General Node.js example: loading config or templates

// Incorrect: reads config on every call
export async function processRequest(data: Data) {
  const config = JSON.parse(
    await fs.readFile('./config.json', 'utf-8')
  )
  const template = await fs.readFile('./template.html', 'utf-8')
  
  return render(template, data, config)
}

// Correct: loads once at module level
const configPromise = fs.readFile('./config.json', 'utf-8')
  .then(JSON.parse)
const templatePromise = fs.readFile('./template.html', 'utf-8')

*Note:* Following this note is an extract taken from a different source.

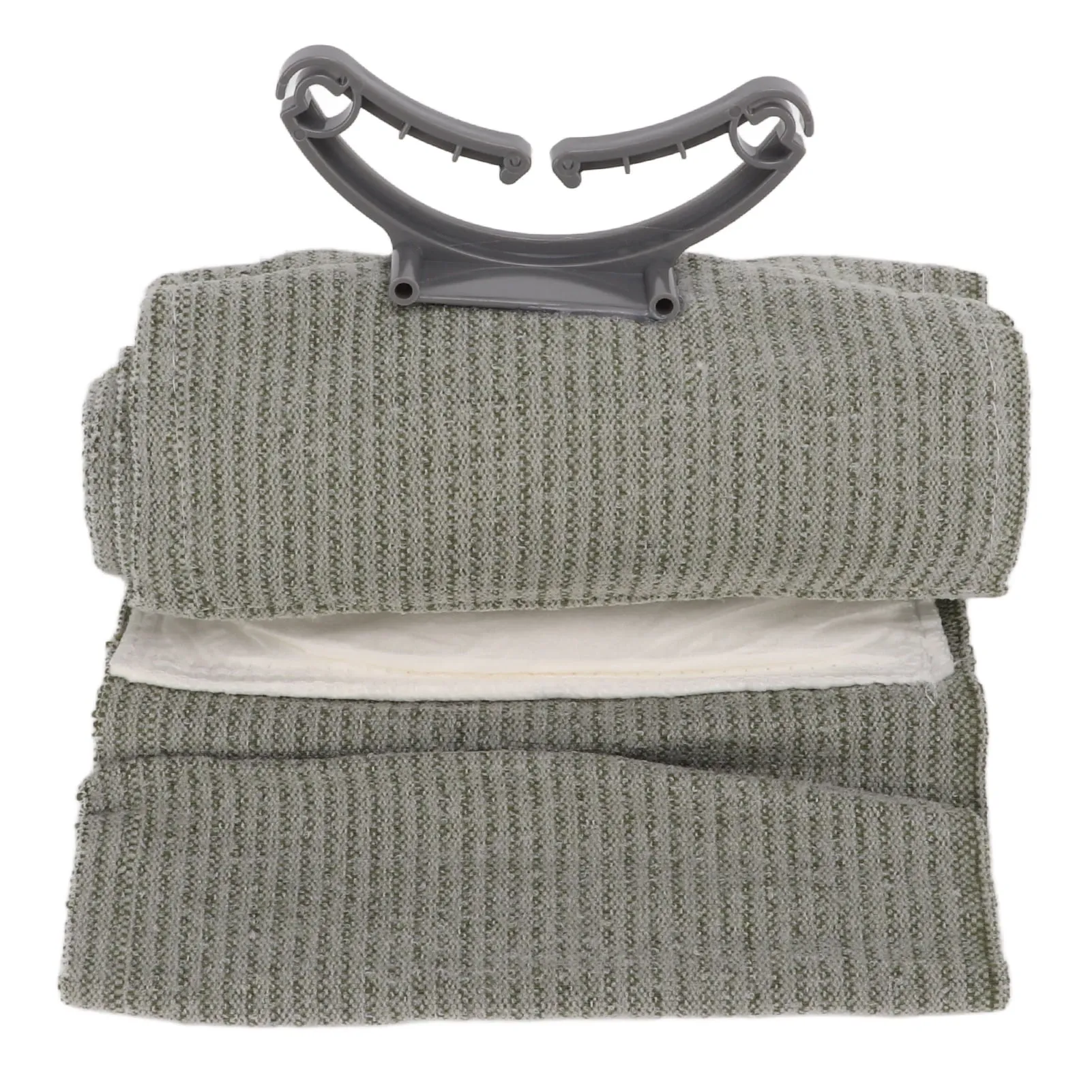 6-Inch Israeli Emergency Dressing— 2 Pack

export async function processRequest(data: Data) {
  const [config, template] = await Promise.all([
    configPromise,
    templatePromise
  ])
  
  return render(template, data, config)
}

When to use this pattern:

  • Loading fonts for OG image generation
  • Loading static logos, icons, or watermarks
  • Reading configuration files that don't change at runtime
  • Loading email templates or other static templates
  • Any static asset that's the same across all requests

When NOT to use this pattern:

  • Assets that vary per request or user
  • Files that may change during runtime (use caching with TTL instead)
  • Large files that would consume too much memory if kept loaded
  • Sensitive data that shouldn't persist in memory

With Vercel's Fluid Compute: Module-level caching is especially effective because multiple concurrent requests share the same function instance. The static assets stay loaded in memory across requests without cold start penalties.

In traditional serverless: Each cold start re-executes module-level code, but subsequent warm invocations reuse the loaded assets until the instance is recycled.